As far as training for kettlebell spor, the way Valery recommends (I have done his certs and competed in my first kettlebell sport meet this year) is one set of jerks, one set of snatches done 5-6 days a week.
You would start at 5 minutes for the jerk, working at 6 rpm and then build the time up to 7 minutes. Once you can do that, up the rpm and drop back to 5 minutes.
Similar for snatch. 6 minute sets to start, one hand change, start around 12-14 rpm and build up to 16-18 rpm. Then gradually increase to 8 minutes.
Once you have the basic technique down and can do a decent volume, you would add in heavy (4-12 kg heavier than your working weight) one arm jerks (one set of 10-20 per hand) and swings (1-2 sets of up to 50 reps per hand).
If you are doing long cycle, you would replace the jerks with long cycle, and possibly the snatches with cleans - if you need the extra work.
I'd highly recommend going to the WKC store and downloading Valery's video "An Introduction to Kettlebells". It covers a lot of technique points that are important for safe lifting. If you can get a WKC coach in your area for a couple of sessions, that would help tremendously too.
Also check out Scott Shetler's book "Kettlebells for Sport and Fitness", it outlines a lot of training templates, including modified Westside and 5/3/1 type programs with kettlebells as well as kettlebell sport templates.
As far as 'regular' strength work, I was relatively strong, not earth shattering, but deadlifted 229 kg at 87 kg and squatted 150 kg before starting kettlebell sport training, but it's a different ball game with the 'bells.

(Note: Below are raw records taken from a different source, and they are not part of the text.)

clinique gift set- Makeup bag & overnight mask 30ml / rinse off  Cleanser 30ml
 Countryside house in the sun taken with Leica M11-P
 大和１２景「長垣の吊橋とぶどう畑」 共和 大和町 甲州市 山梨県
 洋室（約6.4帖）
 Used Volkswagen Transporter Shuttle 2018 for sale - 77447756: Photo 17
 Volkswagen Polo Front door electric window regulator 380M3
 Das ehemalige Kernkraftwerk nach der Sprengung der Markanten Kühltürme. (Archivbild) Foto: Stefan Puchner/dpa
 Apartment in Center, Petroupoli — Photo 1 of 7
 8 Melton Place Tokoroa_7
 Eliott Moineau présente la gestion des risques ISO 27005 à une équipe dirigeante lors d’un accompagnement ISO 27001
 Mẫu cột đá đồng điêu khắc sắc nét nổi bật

Your limiting factor isn't strength if you come from a weights background, it's technique, speed and endurance in varying degrees of each. I work solely with the 'bells now and you'll find that is the fastest way to make progress, whether you want to compete or not.
Of course, if you are training solely for enjoyment and fitness, and you enjoy barbell training, by all means, include it, but most top end kettlebell sport lifters do little to no barbell training (*outside of 'jumping squats' to build the legs for jerks).
Remember the joints take a longer time to adapt to the high volume of lifting, so don't be in a rush.